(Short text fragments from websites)
......
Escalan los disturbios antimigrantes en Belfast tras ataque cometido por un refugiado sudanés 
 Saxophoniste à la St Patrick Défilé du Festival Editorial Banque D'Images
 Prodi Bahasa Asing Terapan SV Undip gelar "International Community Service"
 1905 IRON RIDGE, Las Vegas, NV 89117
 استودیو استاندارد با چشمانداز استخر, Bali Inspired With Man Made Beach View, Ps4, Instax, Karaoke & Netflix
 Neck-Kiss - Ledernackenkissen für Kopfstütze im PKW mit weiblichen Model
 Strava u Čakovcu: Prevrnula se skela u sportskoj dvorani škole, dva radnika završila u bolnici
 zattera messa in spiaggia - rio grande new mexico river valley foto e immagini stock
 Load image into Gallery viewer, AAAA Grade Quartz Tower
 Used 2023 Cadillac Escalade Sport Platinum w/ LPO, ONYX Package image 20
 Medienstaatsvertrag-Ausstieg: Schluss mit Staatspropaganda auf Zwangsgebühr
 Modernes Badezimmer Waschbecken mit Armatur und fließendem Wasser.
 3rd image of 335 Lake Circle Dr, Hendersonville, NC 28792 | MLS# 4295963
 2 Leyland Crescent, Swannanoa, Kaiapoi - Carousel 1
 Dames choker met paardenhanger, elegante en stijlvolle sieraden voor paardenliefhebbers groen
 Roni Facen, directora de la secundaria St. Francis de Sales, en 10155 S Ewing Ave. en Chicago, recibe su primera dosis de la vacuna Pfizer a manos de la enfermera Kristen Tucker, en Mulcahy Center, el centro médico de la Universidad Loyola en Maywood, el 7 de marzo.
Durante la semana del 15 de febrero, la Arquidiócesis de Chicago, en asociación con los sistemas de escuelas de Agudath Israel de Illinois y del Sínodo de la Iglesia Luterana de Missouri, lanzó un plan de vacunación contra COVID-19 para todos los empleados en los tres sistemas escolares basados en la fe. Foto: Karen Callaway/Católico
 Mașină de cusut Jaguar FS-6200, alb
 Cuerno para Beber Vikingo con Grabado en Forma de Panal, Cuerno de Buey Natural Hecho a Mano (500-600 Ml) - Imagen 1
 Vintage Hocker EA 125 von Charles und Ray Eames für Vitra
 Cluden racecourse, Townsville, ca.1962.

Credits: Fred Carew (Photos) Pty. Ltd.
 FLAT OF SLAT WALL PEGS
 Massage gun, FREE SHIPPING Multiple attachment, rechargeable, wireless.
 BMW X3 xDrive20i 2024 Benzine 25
......
■ **WHAT YOU ARE ASKED TO DO**: Starting with the first line above and ending with the line that holds "Roni Facen, directora", restate each line word for word and add nothing else.

■ **EXERCISE RESULT**:
Escalan los disturbios antimigrantes en Belfast tras ataque cometido por un refugiado sudanés 
 Saxophoniste à la St Patrick Défilé du Festival Editorial Banque D'Images
 Prodi Bahasa Asing Terapan SV Undip gelar "International Community Service"
 1905 IRON RIDGE, Las Vegas, NV 89117
 استودیو استاندارد با چشمانداز استخر, Bali Inspired With Man Made Beach View, Ps4, Instax, Karaoke & Netflix
 Neck-Kiss - Ledernackenkissen für Kopfstütze im PKW mit weiblichen Model
 Strava u Čakovcu: Prevrnula se skela u sportskoj dvorani škole, dva radnika završila u bolnici
 zattera messa in spiaggia - rio grande new mexico river valley foto e immagini stock
 Load image into Gallery viewer, AAAA Grade Quartz Tower
 Used 2023 Cadillac Escalade Sport Platinum w/ LPO, ONYX Package image 20
 Medienstaatsvertrag-Ausstieg: Schluss mit Staatspropaganda auf Zwangsgebühr
 Modernes Badezimmer Waschbecken mit Armatur und fließendem Wasser.
 3rd image of 335 Lake Circle Dr, Hendersonville, NC 28792 | MLS# 4295963
 2 Leyland Crescent, Swannanoa, Kaiapoi - Carousel 1
 Dames choker met paardenhanger, elegante en stijlvolle sieraden voor paardenliefhebbers groen
 Roni Facen, directora de la secundaria St. Francis de Sales, en 10155 S Ewing Ave. en Chicago, recibe su primera dosis de la vacuna Pfizer a manos de la enfermera Kristen Tucker, en Mulcahy Center, el centro médico de la Universidad Loyola en Maywood, el 7 de marzo.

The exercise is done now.